▸ **GIVEN ENTRIES**:
*** Block opens ***

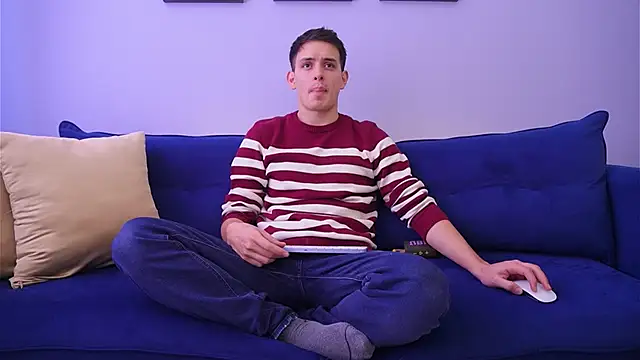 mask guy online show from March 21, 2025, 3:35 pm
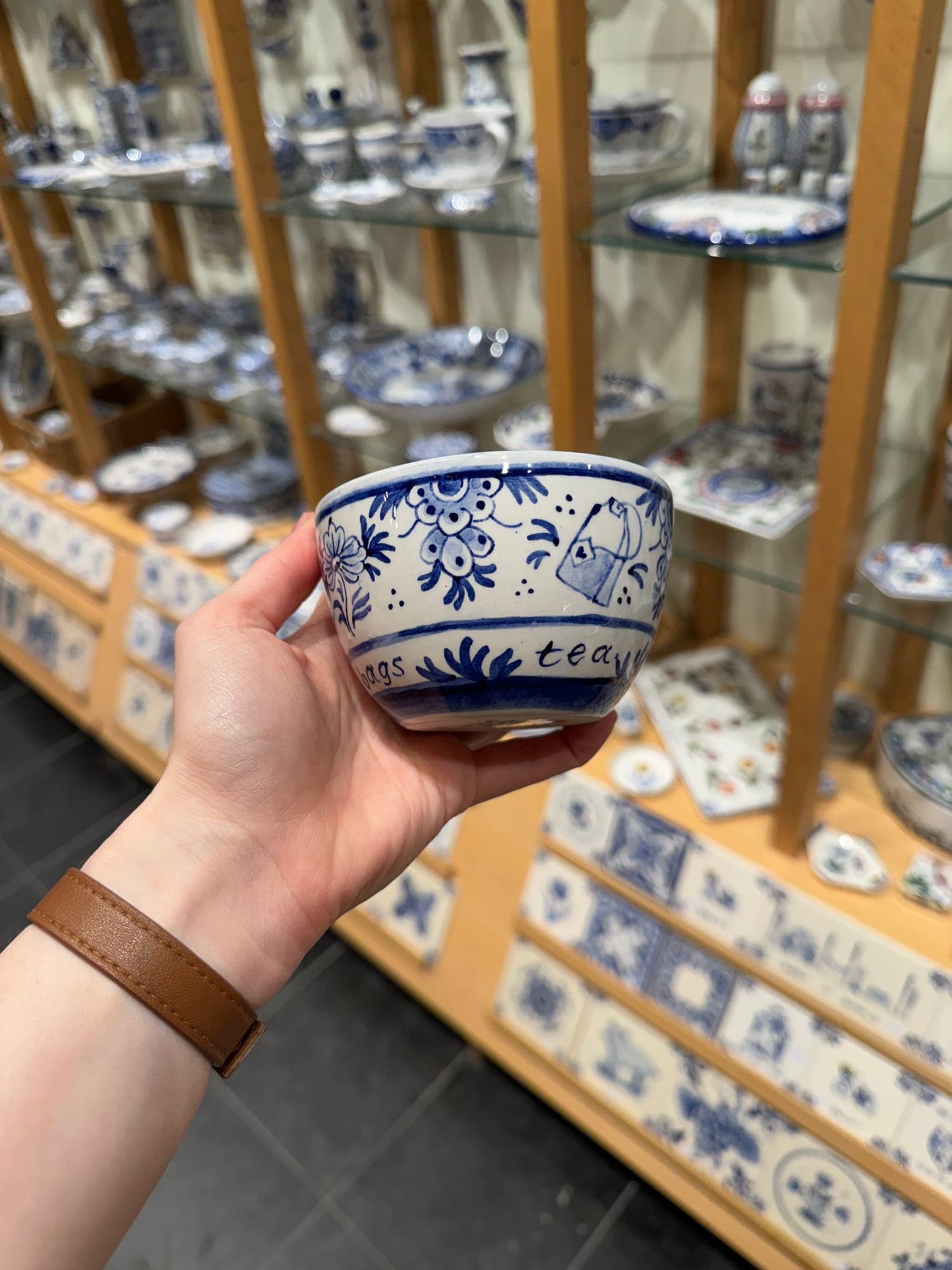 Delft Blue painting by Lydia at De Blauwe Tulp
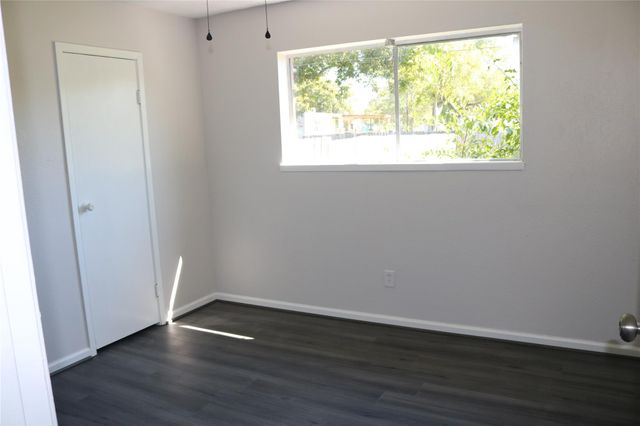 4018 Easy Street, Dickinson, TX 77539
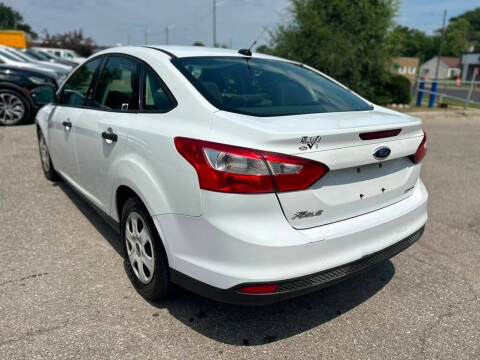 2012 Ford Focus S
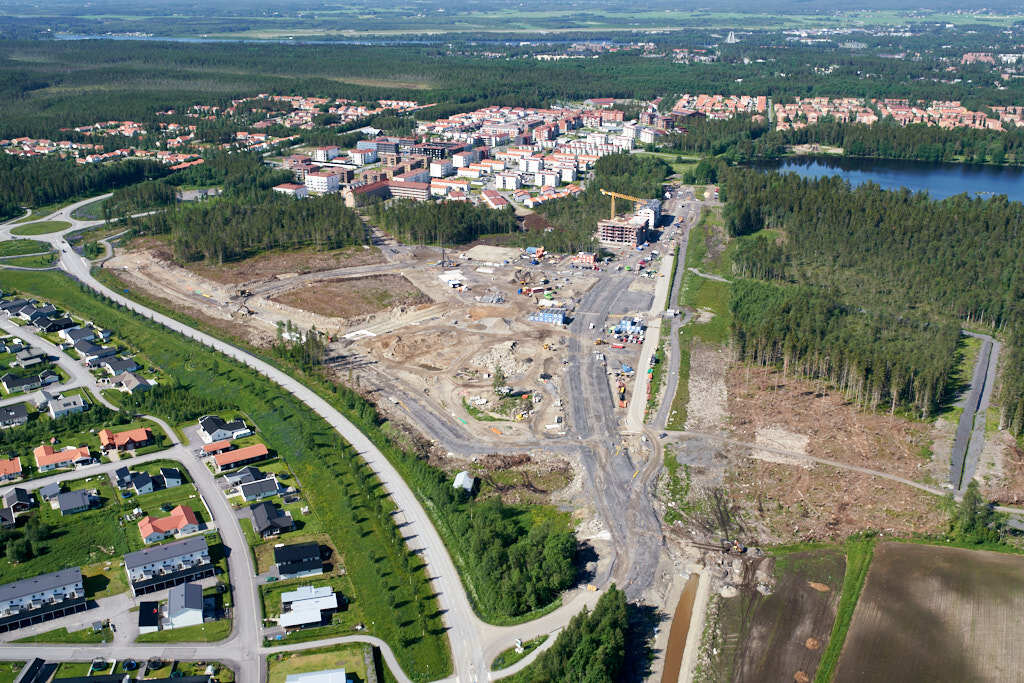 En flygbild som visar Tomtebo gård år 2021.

*** Block closes ***
*** Block opens ***

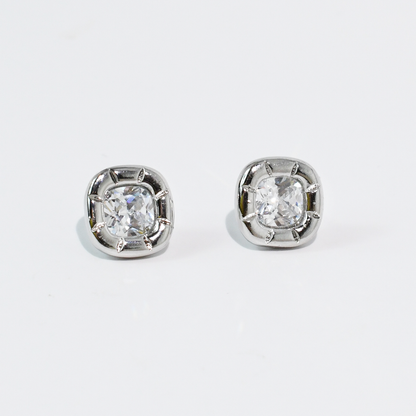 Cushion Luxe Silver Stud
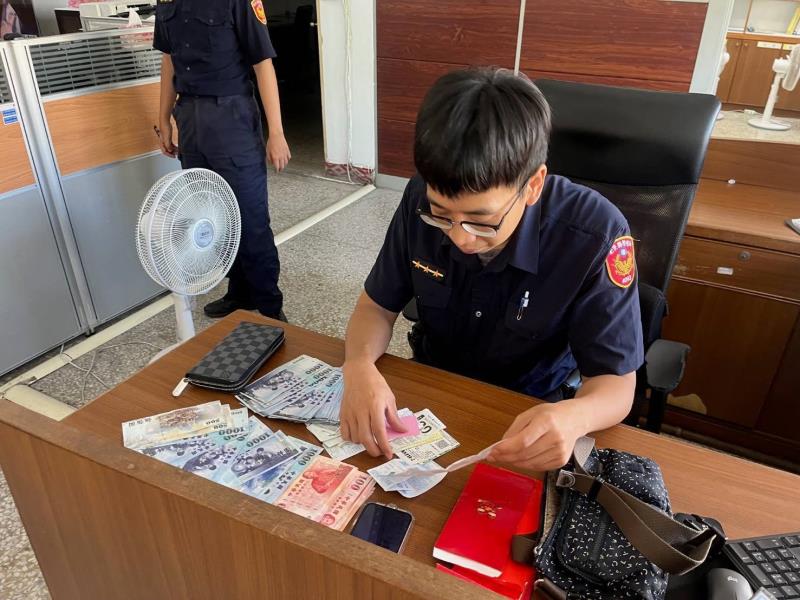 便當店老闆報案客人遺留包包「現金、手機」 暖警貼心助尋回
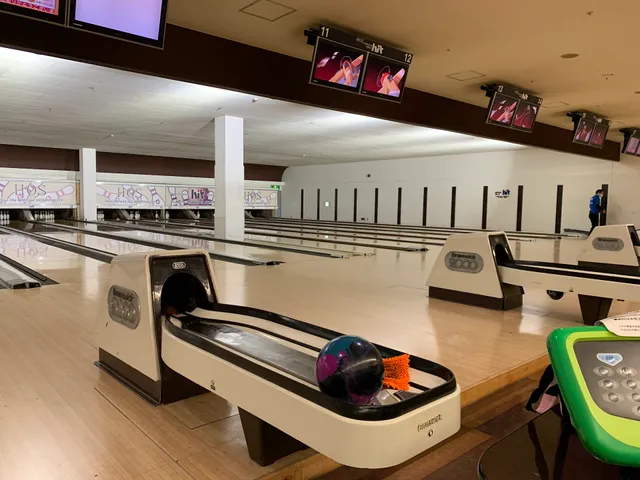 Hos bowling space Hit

*** Block closes ***
*** Block opens ***

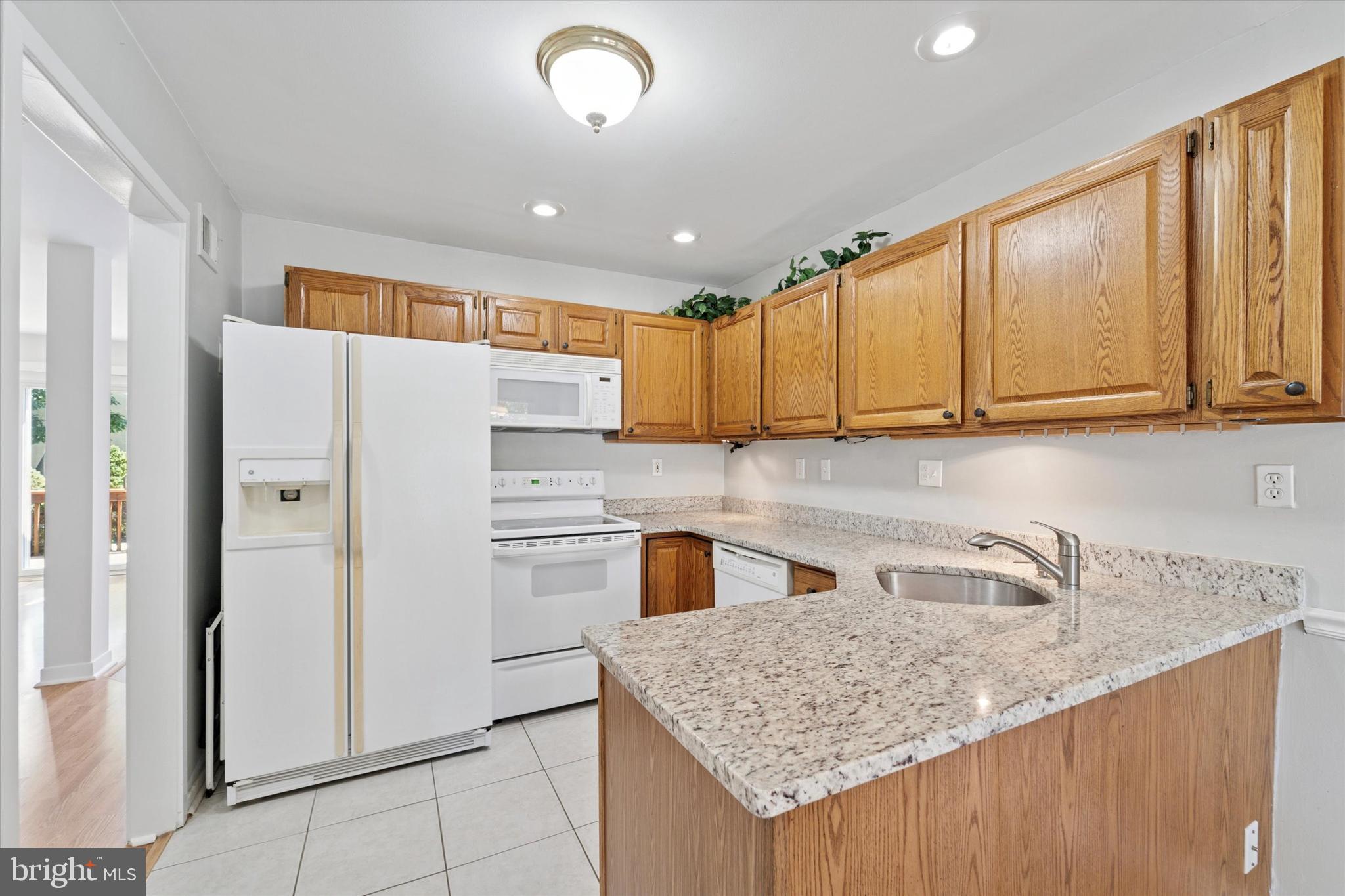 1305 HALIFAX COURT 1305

*** Block closes ***

▸ **WHAT YOU HAVE TO DO**:
Using the data above, retype exactly the lines from the line with "便當店老闆報案客人遺留包包「現金、手機」 暖警貼心助尋回" to the line with "Hos bowling space Hit", inclusive. No pictures and nothing else.

▸ **EXERCISE RESULT**:
 便當店老闆報案客人遺留包包「現金、手機」 暖警貼心助尋回
 Hos bowling space Hit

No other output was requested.